(Input data)
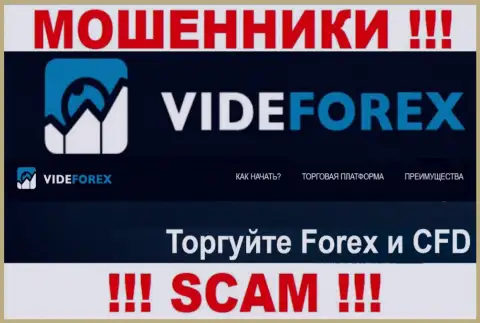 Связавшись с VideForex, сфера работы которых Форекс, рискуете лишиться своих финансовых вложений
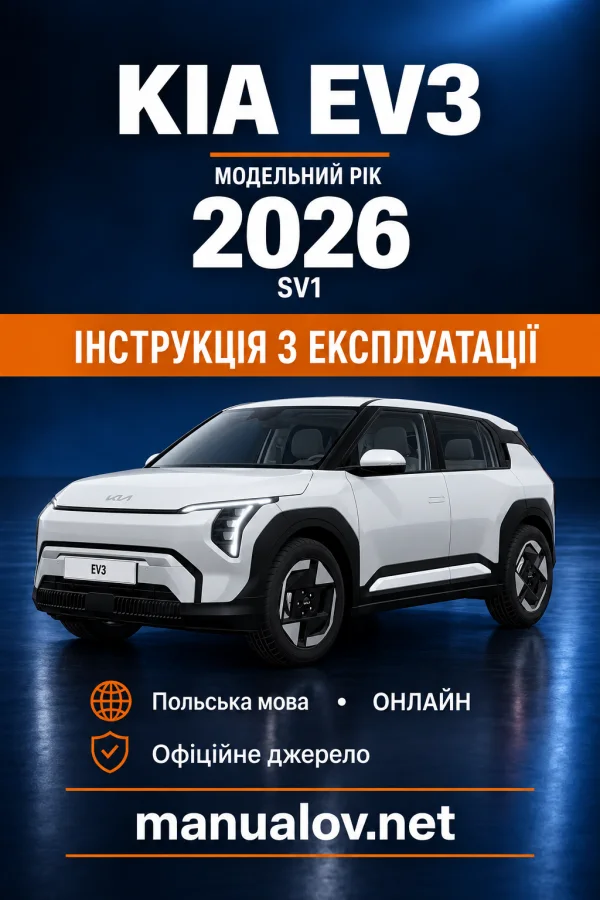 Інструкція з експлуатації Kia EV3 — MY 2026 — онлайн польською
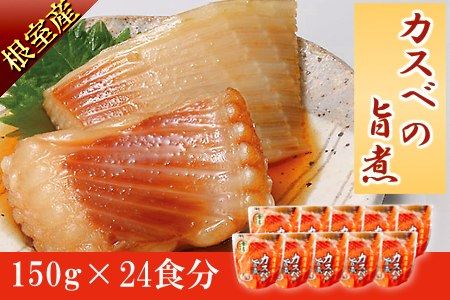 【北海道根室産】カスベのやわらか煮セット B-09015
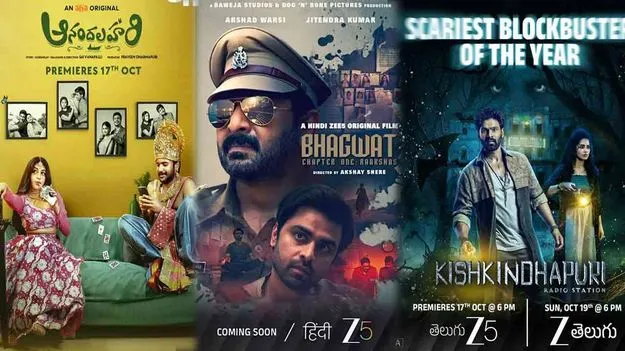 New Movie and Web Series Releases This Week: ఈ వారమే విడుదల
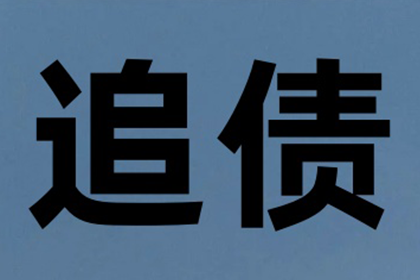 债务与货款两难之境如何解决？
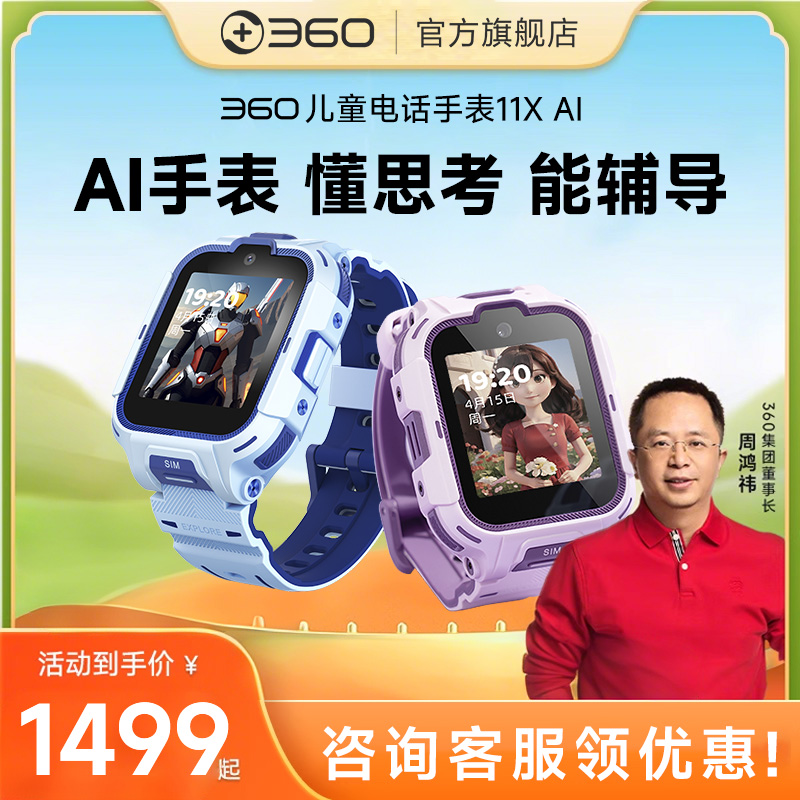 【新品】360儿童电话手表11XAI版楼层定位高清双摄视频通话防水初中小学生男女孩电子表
(End Input data)
(Input data)
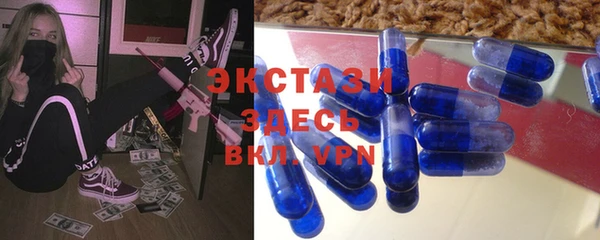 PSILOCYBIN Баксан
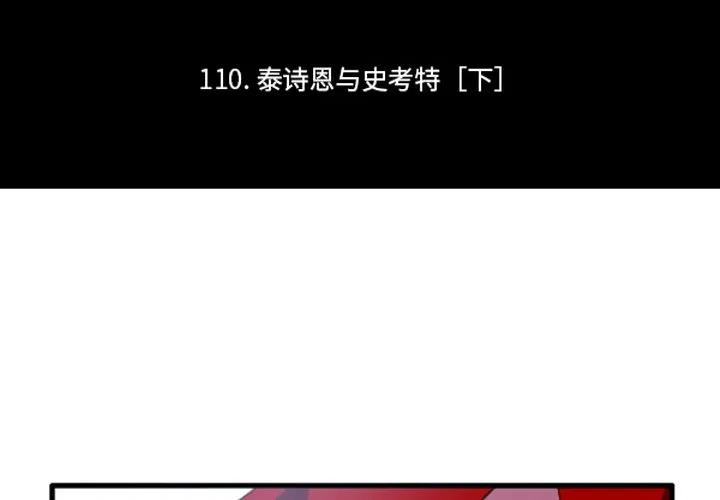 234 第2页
(End Input data)
▶ [What to produce]
Exactly the lines above from the one that contains "Связавшись с VideForex, сфера" down to the one that contains "New Movie and" are to be output, both ends kept and pictures omitted.

▶ [Response to the exercise]
 Связавшись с VideForex, сфера работы которых Форекс, рискуете лишиться своих финансовых вложений
 Інструкція з експлуатації Kia EV3 — MY 2026 — онлайн польською
 【北海道根室産】カスベのやわらか煮セット B-09015
 New Movie and Web Series Releases This Week: ఈ వారమే విడుదల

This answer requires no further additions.